Ferris, along with researchers from the Georgia Institute of Technology and California State University at Fullerton, studied succession patterns of the 2,524 CEO turnovers from all firms on the Standard & Poor’s 500 Index during the years 1951-2010. Researchers analyzed business decisions of new CEOs and found that external hires spend more money on research and development, which Ferris said is indicative of commitment to innovation. The study also showed that while internal hires make fewer merger offers than their external counterparts, the acquisitions they do make are much larger in size and more frequently purchased using stock rather than cash.
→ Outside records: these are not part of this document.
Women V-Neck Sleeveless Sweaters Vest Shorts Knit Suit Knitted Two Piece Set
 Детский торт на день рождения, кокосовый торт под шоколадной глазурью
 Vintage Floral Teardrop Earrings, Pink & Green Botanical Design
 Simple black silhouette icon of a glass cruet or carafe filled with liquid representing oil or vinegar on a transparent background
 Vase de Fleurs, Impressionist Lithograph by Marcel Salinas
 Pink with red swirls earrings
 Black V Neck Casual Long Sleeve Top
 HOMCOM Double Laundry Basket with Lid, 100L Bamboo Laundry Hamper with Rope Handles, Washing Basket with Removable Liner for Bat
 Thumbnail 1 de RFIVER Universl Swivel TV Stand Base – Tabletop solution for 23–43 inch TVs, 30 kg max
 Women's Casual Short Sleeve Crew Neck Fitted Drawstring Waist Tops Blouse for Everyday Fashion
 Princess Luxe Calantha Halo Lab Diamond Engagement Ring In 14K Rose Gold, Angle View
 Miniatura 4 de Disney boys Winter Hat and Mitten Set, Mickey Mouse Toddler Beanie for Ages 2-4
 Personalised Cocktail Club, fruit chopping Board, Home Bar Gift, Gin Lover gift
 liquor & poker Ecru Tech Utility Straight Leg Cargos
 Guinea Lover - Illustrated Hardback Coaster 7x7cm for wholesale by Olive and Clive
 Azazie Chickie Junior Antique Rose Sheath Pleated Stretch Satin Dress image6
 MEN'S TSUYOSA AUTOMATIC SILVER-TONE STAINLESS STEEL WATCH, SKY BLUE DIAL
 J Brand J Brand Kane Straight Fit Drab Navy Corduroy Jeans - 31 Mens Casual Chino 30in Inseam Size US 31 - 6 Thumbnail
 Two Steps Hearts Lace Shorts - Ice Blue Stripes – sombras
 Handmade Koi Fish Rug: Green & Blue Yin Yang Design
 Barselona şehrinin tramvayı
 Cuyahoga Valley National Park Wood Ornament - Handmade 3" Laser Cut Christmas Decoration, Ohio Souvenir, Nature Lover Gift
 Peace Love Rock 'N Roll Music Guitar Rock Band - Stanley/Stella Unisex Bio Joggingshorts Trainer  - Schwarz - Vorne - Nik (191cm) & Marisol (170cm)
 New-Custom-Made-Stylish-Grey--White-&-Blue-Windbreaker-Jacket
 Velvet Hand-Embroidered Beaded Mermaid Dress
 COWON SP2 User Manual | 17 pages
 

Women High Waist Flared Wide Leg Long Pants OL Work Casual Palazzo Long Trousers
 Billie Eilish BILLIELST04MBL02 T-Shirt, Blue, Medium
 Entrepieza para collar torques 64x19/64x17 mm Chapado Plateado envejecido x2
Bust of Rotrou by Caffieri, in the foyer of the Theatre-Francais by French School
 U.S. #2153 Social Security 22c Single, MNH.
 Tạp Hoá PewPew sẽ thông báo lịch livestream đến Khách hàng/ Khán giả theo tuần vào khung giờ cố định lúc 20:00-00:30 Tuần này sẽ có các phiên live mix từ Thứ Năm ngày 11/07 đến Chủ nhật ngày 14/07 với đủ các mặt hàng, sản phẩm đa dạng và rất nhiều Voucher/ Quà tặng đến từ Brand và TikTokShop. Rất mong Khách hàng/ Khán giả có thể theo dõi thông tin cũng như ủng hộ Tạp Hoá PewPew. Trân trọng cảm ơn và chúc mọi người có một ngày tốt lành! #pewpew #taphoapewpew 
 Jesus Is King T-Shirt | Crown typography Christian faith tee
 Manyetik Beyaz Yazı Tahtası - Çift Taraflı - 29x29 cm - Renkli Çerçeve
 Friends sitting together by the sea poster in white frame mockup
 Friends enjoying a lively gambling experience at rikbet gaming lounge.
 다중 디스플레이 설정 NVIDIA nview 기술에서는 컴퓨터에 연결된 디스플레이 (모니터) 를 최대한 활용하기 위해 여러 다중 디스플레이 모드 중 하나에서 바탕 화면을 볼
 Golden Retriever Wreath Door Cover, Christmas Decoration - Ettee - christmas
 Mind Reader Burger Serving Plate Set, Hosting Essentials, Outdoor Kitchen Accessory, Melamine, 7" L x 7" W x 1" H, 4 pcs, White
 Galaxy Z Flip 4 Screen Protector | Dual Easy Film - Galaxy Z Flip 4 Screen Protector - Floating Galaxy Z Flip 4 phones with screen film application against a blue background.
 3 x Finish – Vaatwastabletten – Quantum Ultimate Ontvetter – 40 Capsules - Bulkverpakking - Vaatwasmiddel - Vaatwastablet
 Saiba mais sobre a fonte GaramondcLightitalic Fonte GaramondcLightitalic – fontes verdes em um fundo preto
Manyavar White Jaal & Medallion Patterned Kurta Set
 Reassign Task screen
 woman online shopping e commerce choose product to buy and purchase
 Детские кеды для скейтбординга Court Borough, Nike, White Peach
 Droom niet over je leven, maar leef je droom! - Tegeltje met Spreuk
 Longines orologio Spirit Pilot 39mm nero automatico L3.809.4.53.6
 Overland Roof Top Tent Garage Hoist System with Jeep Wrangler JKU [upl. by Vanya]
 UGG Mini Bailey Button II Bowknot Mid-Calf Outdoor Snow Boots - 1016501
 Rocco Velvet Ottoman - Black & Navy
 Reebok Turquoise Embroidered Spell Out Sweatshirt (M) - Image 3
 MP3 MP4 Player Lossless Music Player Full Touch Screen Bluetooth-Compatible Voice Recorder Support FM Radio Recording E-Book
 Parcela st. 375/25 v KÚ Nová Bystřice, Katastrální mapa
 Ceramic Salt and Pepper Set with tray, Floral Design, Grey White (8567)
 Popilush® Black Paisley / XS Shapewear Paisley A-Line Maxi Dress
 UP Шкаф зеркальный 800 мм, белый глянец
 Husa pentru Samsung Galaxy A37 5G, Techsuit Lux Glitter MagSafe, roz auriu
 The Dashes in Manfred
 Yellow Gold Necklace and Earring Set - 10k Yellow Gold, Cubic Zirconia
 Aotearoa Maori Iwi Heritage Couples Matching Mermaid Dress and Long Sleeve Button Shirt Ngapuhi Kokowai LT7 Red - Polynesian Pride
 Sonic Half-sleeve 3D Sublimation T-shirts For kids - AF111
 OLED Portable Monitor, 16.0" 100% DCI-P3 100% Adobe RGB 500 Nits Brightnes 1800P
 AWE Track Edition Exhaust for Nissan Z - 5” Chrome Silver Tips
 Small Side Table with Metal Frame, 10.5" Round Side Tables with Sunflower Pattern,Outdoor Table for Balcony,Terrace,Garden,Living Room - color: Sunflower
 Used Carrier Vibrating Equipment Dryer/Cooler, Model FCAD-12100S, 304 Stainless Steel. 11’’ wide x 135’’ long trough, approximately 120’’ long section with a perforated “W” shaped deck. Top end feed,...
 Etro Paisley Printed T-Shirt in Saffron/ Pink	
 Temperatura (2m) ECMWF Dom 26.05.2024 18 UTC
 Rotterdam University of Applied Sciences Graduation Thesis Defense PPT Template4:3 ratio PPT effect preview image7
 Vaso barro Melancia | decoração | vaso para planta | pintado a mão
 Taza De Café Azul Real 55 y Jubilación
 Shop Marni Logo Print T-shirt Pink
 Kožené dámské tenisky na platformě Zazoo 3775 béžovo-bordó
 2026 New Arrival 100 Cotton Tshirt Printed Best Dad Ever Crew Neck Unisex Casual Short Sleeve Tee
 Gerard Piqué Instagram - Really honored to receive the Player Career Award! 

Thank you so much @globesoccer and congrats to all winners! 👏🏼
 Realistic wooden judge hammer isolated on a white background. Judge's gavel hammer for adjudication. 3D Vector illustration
“If a firm is doing well, the internal process frequently will be sufficient to identify, nurture and promote the people who ultimately will be able to lead the company and continue to generate value,” Ferris said. “If not, companies start looking externally, and though it may create uncertainty, it takes a certain amount of honesty and humility to say that you don’t have anyone internally you feel can run the company. The move to select an external CEO often speaks to the strength of character and foresight of these firms—and of American capitalism in general, given that one out of every five new CEO positions goes to an external candidate.”
Ferris said that because external and internal CEOs make different strategic and financial decisions and tend to be hired under different circumstances, both internal and external hires can be positive moves depending on companies’ needs.
“We found that internal CEOs have been the consistent choice for corporations over time, a trend that persisted even through major political and economic changes,” said Ferris. “However, we found that forced turnover drastically increased the likelihood of external selections, and that external CEOs tend to make different business decisions than do internal candidates. Change clearly is needed in those situations, so it makes sense to look outside the company for someone to rejuvenate the firm.”
Ferris’ study, “Six Decades of CEO Successions: The Importance of Being an Insider,” will be published in an upcoming issue of the Journal of Accounting and Finance. Other researchers on the study included Narayanan Jayaraman from the Georgia Institute of Technology and Jongha Lim from California State University-Fullerton.